Parents 'coupables', enfants punis !
Autrement dit, ce qu’a souligné cet arrêt de la CEDH, c’est que ce sont les enfants qui sont sanctionnés, pour une fraude à une loi qu’ils n’ont à l’évidence pas commise. « Il est concevable que la France puisse souhaiter décourager ses ressortissants de recourir à l’étranger à une méthode de procréation qu’elle prohibe sur son territoire. Il résulte toutefois (…) que les effets de la non reconnaissance en droit français du lien de filiation entre les enfants ainsi conçus et les parents d’intention ne se limitent pas à la situation de ces derniers, qui seuls ont fait le choix des modalités de procréation que leur reprochent les autorités françaises : ils portent aussi sur celle des enfants eux-mêmes, dont le droit au respect de la vie privée, qui implique que chacun puisse établir la substance de son identité, y compris sa filiation, se trouve significativement affecté. Se pose donc une question grave de compatibilité de cette situation avec l’intérêt supérieur des enfants, dont le respect doit guider toute décision les concernant. »
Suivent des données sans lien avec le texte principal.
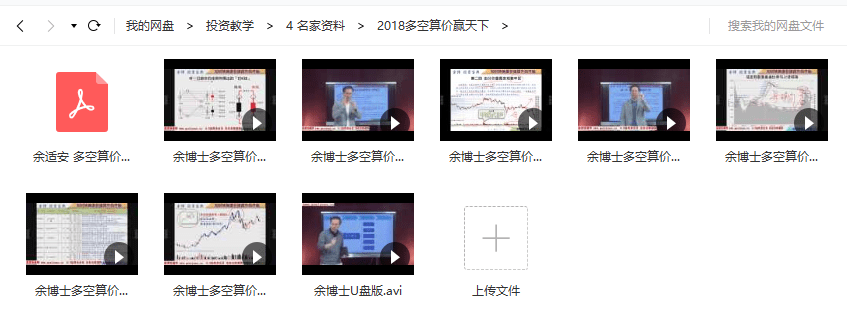 余博士多空算价赢天下视频培训课程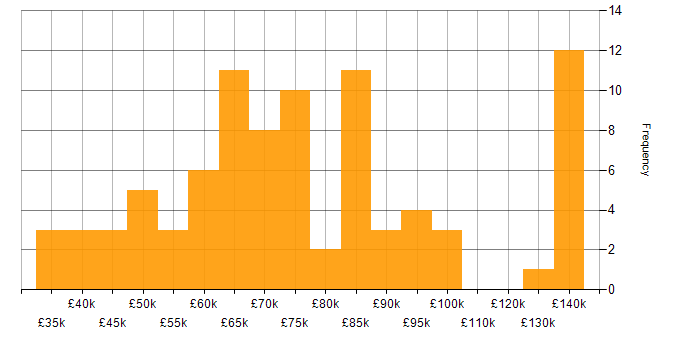 Salary histogram for Change Management in the City of London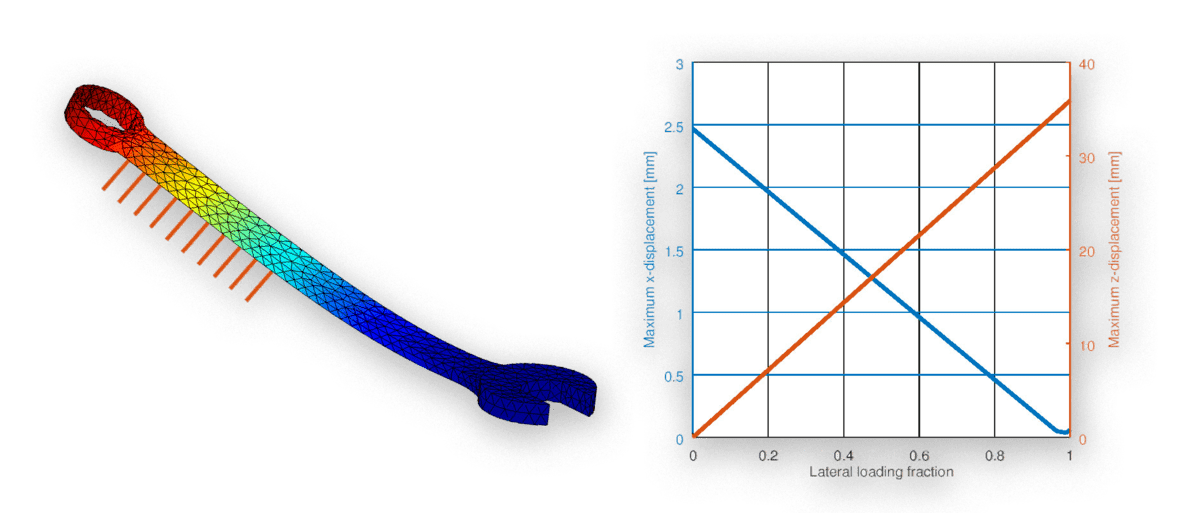 Parametric Structural Mechanics Study with Imported CAD Geometry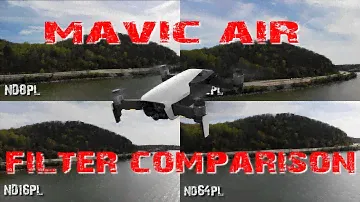 Обзор фильтров FREEWELL ND DJI MAVIC AIR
Peut-on rappeler aux signataires de ce texte qui dénonce cette « industrie de l’enfantement sur commande », qu’une proposition de loi sénatoriale, visait à autoriser et encadrer la gestation pour autrui ? Elle était signée notamment par un ancien Garde des Sceaux dont le nom reste attaché à une des plus grandes lois de la Ve République, Robert Badinter. L’exposé des motifs faisait d’ailleurs clairement allusion au cas traité par la CEDH*. Il mentionnait aussi des cas légaux de mères porteuses, dans le cadre de PMA : « les techniques d'insémination artificielle et de fécondation in vitro permettent en effet à une femme de porter un enfant conçu en dehors de tout rapport charnel, avec les ovocytes d'une autre femme ». Il relativisait l’ampleur de cette prétendue industrie. La proposition ne portait que sur les couples de sexes différents.
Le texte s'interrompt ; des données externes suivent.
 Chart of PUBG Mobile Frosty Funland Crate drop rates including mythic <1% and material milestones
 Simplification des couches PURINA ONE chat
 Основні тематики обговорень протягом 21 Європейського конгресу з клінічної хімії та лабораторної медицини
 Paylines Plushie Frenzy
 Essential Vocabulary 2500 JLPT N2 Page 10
Cette « Lettre au Président de la République » par son outrance – comment oser parler de traite des êtres humains, quand il s’agit comme au Royaume-Uni d’une pratique strictement encadrée avec des mères porteuses volontaires et non rémunérées – vise à interdire tout débat. Peut-on avec Mesdames Michèle André ou Claudine Lepage, voire Najat Vallaud-Belkacem**, qui estimait que « la gestation pour autrui peut constituer un véritable don », penser que la légalisation de la GPA n’est pas une question taboue. Et ne mérite pas d’être traitée de manière aussi caricarurale !
* « L'arrêt de la Cour d'appel de Paris du 25 octobre 2007 qui avait validé la transcription sur les registres de l'état civil français des actes de naissance américains de jumelles nées en Californie en application d'une convention de gestation pour autrui a été récemment cassé par un arrêt de la Cour de cassation du 17 décembre 2008. »
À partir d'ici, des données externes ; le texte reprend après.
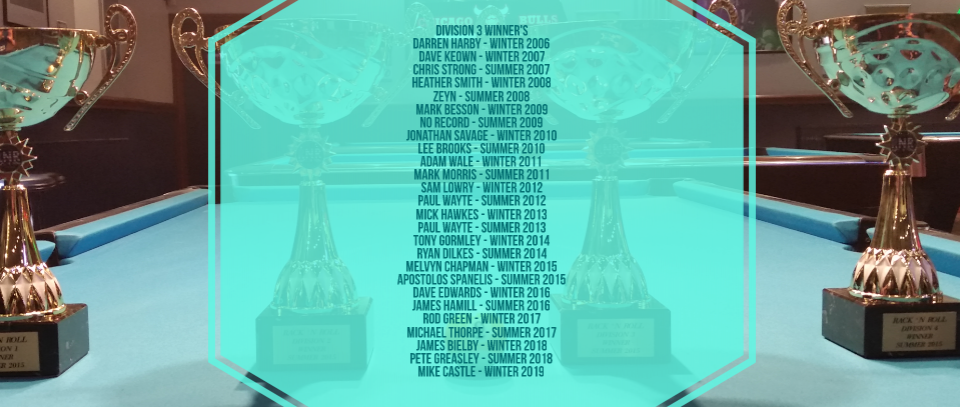 Tournament banner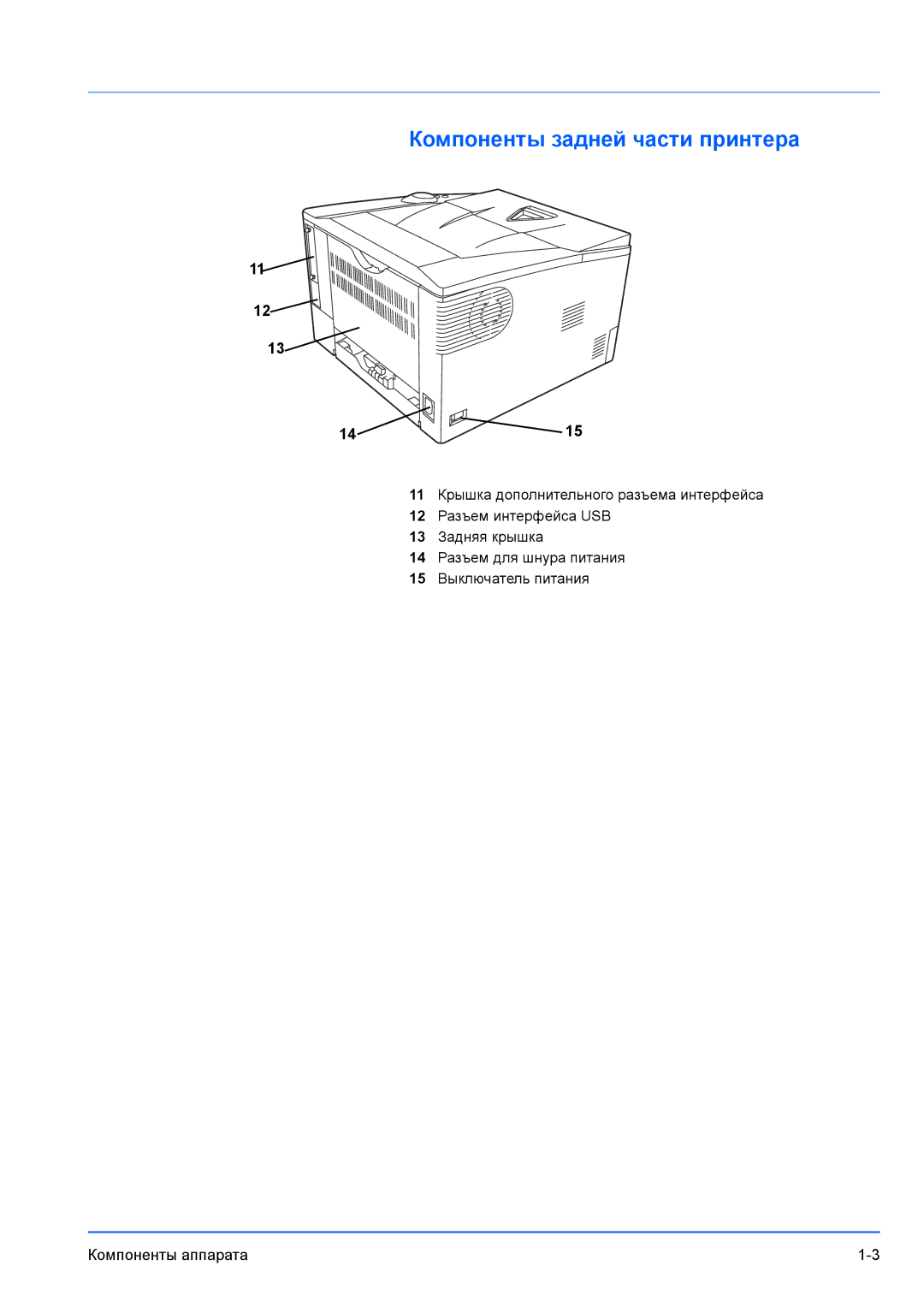 Kyocera FS-1100, FS-1300D manual Компоненты задней части принтера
** Sévérement attaquée pour un rapport sur ce sujet, elle a fait depuis machine arrière : à la manoeuvre Jospin déjà...
ANNEXE
Sylviane AGACINSKI dans un livre de 2009 Corps en miettes, pulvérise la fameux Point Godwin : «On peut se demander si la leçon du nazisme a réellement été tirée tant l’opinion semble se soucier peu de ce que signifie notre humanité ou de l’esprit de nos lois. Elle privilégie la puissance technique et la demande individuelle. Certaines techniques permettent de confectionner des enfants, et il y a des individus qui "demandent" à utiliser ces moyens. Le reste a-t-il vraiment de l’importance ?»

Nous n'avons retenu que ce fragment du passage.